Pita questions ‘persecution’ in iTV case

Panel recommends dropping ‘media shares’ complaint but EC is still sending case to court

Pita questions ‘persecution’ in iTV case
Move Forward Party leader Pita Limjaroenrat salutes his colleagues as he leaves the parliament chamber on July 19 after the Constitutional Court suspended him from MP duty pending its ruling in the iTV shareholding case (Photo: Nutthawat Wicheanbut)

Move Forward Party leader Pita Limjaroenrat has questioned the motive of the Election Commission (EC) for investigating his shareholding in the defunct broadcaster iTV, now that an inquiry panel has recommended it drop the case.

Writing on his Facebook page on Tuesday, Mr Pita said the episode was looking more and more like “intentional political persecution”.

He was responding to reports on Monday that the EC’s inquiry panel recommended the election watchdog drop the charge that Mr Pita violated Section 151 of the Election Act. That section states that a candidate who applies to run as an MP while knowing that he might be in violation of election rules — in this case, holding shares in a media company — would face disqualification.
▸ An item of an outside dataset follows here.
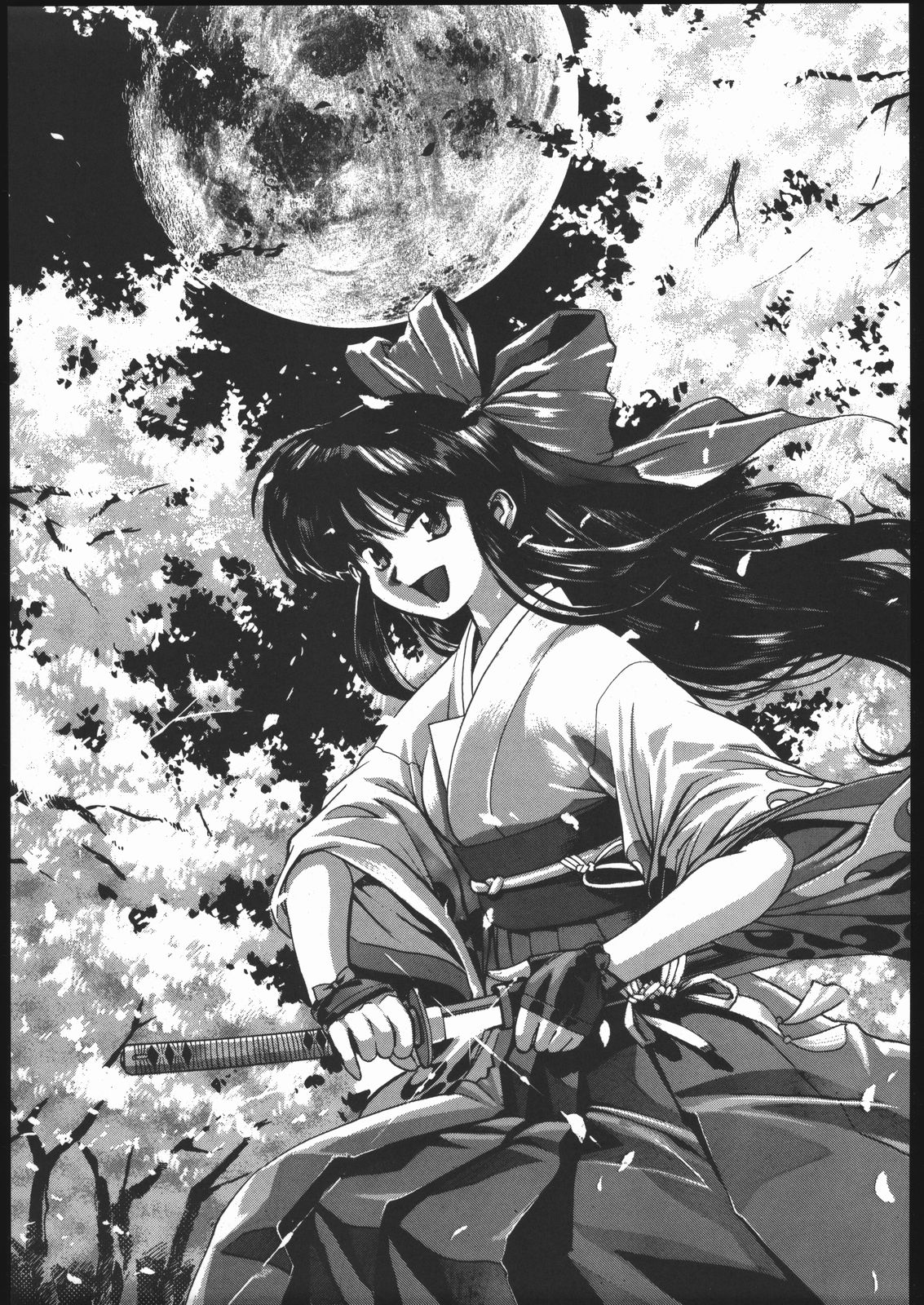 Amagi Ame 2 Missing Pisu page 2 full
iTV stopped broadcasting in 2007 and was delisted from the Stock Exchange of Thailand in 2014. It earned a small amount of income from a subsidiary that rented broadcasting equipment and offered media support services for several years.

In the 2022 financial year, however, the company’s only reported revenue was interest income from bank deposits and bonds.

“The investigative panel has provided an important reason that iTV is not operating nor earning income from its media business. This shows that I am not at fault,” Mr Pita wrote on Facebook.

“I want to reaffirm suspicions about whether my TV shareholding case is politically motivated or not. I had held the shares in question while performing my duty as an MP for four years but complaints were only made when I became a prime ministerial candidate,” he said.

“The case was submitted to the Constitutional Court a few days before my nomination as prime minister was made in parliament. There were many pieces of disturbing evidence that attempts had been made to ‘revive’ iTV … to meet the definition of ‘media shares’.”

Mr Pita was referring to a discrepancy between a video recording of an iTV shareholders’ meeting, in which a senior executive says the company is not carrying out any media business, and published minutes of the meeting which claim it is engaged in media operations.

As the investigative committee found he was not guilty of an electoral violation, Mr Pita said he wanted to ask the EC whether the panel had made its resolution before the EC submitted its petition to the Constitutional Court.

The panel had gathered evidence and questioned witnesses and concluded that iTV was not operating as a media firm and had no income from media operations.

He also asked the EC whether its move to ask the court to suspend him from MP duty pending a ruling was fair. iTV and the telecom firm Intouch Holdings, its major shareholder, had produced financial documents that the defunct media firm had stopped broadcasting and had no income from media operations, said Mr Pita.

Citing previous media shareholding complaints against about 60 MPs in 2020, he said they were not suspended from duty pending rulings.

“But in my case, I was suspended from MP duty. I want society to consider whether the suspension is fair or not,” he wrote.

A source at the EC confirmed on Tuesday that the investigative committee found there was no clear evidence that iTV was operating and earning income at the time when Mr Pita filed his candidacy application in early April.

The committee’s findings and recommendation have been sent to the secretary-general of the Election Commission, said the source, adding that the case would then be forwarded to a sub-committee for consideration, when Mr Pita may be asked to testify.

On July 19, the Constitutional Court suspended Mr Pita from duty after accepting for consideration the EC complaint.

Mr Pita has argued that the 42,000 shares in iTV were part of his late father’s estate, which he managed as executor. He said they had since been transferred to relatives.

He had declared the holdings and explained the circumstances when he was first elected as an MP in 2019 and was told not to worry about it, he said.